An In-Depth Understanding of RDMA Interaction Mechanism between Software and Hardware

This article analyzes the working principle and the interaction mechanism between the software and hardware of RDMA technology under the high-performance network environment of the data center.

By Yujing

Preface

As data centers rapidly develop, high-performance networks continue to push the limits of bandwidth and latency. The bandwidth of network interface controllers (NIC) has grown from 10 Gb/s and 25 Gb/s in the past to 100 Gb/s and 200 Gb/s at present, and is expected to reach 400 Gb/s in the next generation. This growth rate exceeds that of the CPU. In order to meet the communication requirements of high-performance networks, Alibaba Cloud has not only developed high-performance user-mode protocol stacks (Luna and Solar), but has also utilized RDMA technology to fully leverage high-performance networks, particularly in the fields of storage and AI. Compared to the Socket interface provided by Kernel TCP, the abstraction of RDMA is more complex. In order to use RDMA more efficiently, it is essential to understand its working principles and mechanisms. This article uses the RDMA NIC of NVIDIA as an example to analyze its working principles and the interaction mechanism between software and hardware.

What is RDMA?

RDMA (Remote Direct Memory Access) is designed to solve the data processing latency on the server side during network transmission. It enables a system to quickly transmit data to another over the network without consuming any CPU. It eliminates the overhead of memory copy and context switch operations, thereby releasing memory bandwidth and CPU cycles for overall system performance improvement.

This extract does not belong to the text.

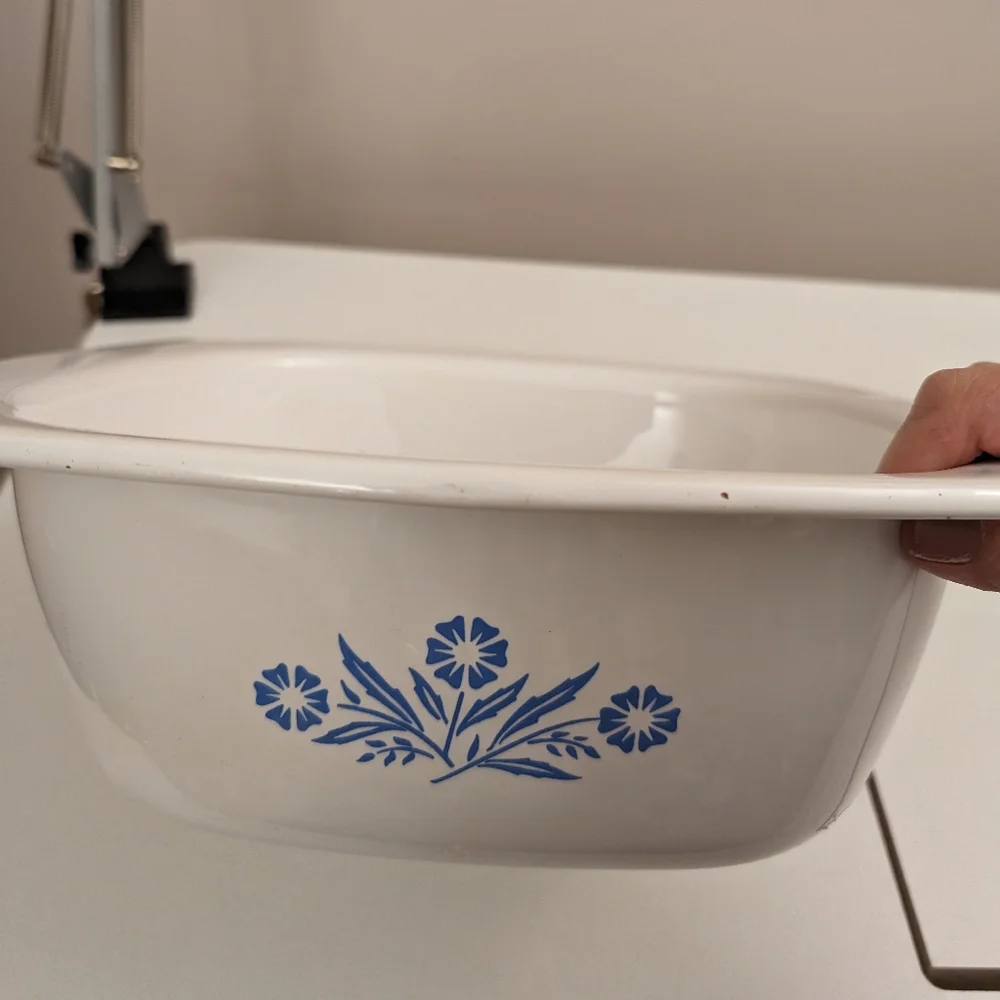 Corning Ware P-34-B 4 Quart Dutch oven Cornflower, Blue & White
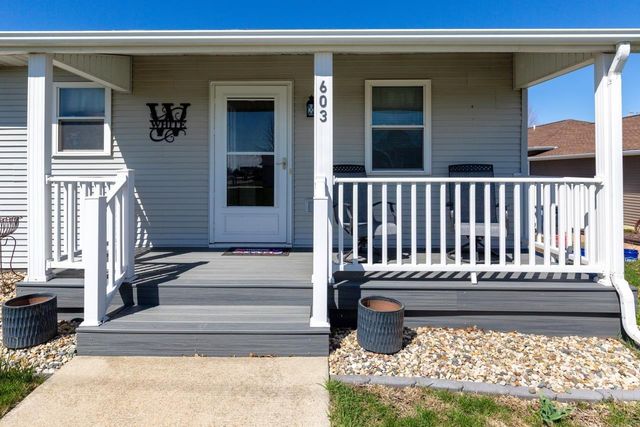 603 4th Ave., Parkersburg, IA 50665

First, let’s look at the most common Kernel TCP. Its process of receiving data mainly goes through the following stages:

The NIC drivers allocate DMA buffers from the kernel and fill the receive queue.
The NIC receives the package, initiates DMA, and writes it to DMA buffers in the receive queue.
The NIC interrupts.
The NIC drivers check the receive queue, take out the DMA buffer, and give it to the TCP stack.
The TCP stack processes the message.
The operating system informs the user-mode app of read events.
The user-mode app prepares a buffer and initiates a system call.
The kernel copies data to the buffer of the user-mode application.
The system call ends.

It can be seen that there are three context switches (an interrupt, user-mode and kernel-mode context switches) and one memory copy. Although the kernel has some optimization methods, such as reducing the number of interrupts through the NAPI mechanism, the latency and throughput of Kernel TCP still work poorly in high-performance scenarios.

After using the RDMA technology, the main process for receiving data changes to the following stages (taking send/recv as an example):

The user-mode app allocates the buffer and fills the receive queue.
The NIC receives the package, initiates DMA, and writes it to buffer in the receive queue.
The NIC generates a completion event (but may not generate an interrupt).
The user-mode app polls the completion event.
The user-mode app processes the buffer.

The above process has no context switch, no data copy, no processing logic of protocol stack (offloaded to the RDMA NIC), and no kernel involved. CPU can focus on data processing and business logic without spending a large amount of cycles to process protocol stacks and memory copies.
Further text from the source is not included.